In Blackjack, the player chooses whether to draw another card(s), or to stop drawing and make the dealer draw.
Some decisions are better than others. For example, if the player's cards add up to 8 or less, they should draw another card. If their cards add up to 17, then it's a better decision to stand. In between, it gets far more complicated. Rules like splitting, doubling, and surrendering also come into play.
The payout for winning is determined by the casino. Usually, it's 3:2. So if you place a \$100 bet and win, you'll win \$150 and end up with \$250 total. If you lose, you'll lose your \$100 and will end up with \$0.
The payout ratio can vary by casino, however. If the casino paid out 100:1, your odds of winning money over time would be very high. If the casino paid out 1:100, your odds of losing money over time would be very high. The question is, at what payout ratio would there be an even chance of winning and losing money?
More than just the payout ratio determines your overall odds of winning. How many decks are in the shoe? Does the dealer stand or hit soft 17? Can you result aces?

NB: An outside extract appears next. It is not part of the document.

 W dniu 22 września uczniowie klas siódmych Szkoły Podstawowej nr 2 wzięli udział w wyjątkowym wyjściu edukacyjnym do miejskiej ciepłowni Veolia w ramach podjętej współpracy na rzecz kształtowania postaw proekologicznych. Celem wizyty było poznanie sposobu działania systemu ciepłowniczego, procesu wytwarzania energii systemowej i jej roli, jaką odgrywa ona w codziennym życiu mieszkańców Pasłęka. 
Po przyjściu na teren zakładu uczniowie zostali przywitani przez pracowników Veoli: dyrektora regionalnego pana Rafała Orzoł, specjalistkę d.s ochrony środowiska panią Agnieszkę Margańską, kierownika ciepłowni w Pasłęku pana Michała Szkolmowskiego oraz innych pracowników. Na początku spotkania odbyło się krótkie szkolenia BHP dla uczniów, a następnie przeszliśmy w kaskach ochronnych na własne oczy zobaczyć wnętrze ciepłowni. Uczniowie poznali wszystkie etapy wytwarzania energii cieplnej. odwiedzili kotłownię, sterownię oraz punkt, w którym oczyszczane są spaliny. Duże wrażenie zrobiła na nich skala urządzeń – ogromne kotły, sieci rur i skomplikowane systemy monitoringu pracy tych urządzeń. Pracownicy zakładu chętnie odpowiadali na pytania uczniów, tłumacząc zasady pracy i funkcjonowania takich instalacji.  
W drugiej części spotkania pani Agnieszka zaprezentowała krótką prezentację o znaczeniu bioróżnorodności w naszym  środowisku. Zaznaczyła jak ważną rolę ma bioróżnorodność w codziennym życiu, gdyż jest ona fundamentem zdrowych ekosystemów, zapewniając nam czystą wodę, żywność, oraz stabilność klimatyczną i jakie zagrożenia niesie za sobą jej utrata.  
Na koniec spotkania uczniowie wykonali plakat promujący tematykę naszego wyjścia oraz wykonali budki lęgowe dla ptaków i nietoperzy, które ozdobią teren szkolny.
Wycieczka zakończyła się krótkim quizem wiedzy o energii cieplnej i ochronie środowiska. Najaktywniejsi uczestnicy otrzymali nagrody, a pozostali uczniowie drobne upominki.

Will you get even money on a blackjack after a split? etc...
Assuming the following: blackjack pays 3:2, dealer stands on a soft 17, an infinite deck, the player may double after a split, split up to three times except for aces, and draw only one card to split aces, it can be shown that the player's expectation is $-0.511734\%$.
Variations from the above assumptions will produce variations in the payout. I have seen calculations for games where blackjack only pays 6:5 and produces an expectation of about $-1.9\%$.
Based on this, I would imagine that only a slightly higher ratio would get you over the top. If you ever come across a game like this, there are probably other measures in place that prohibit a positive expectation.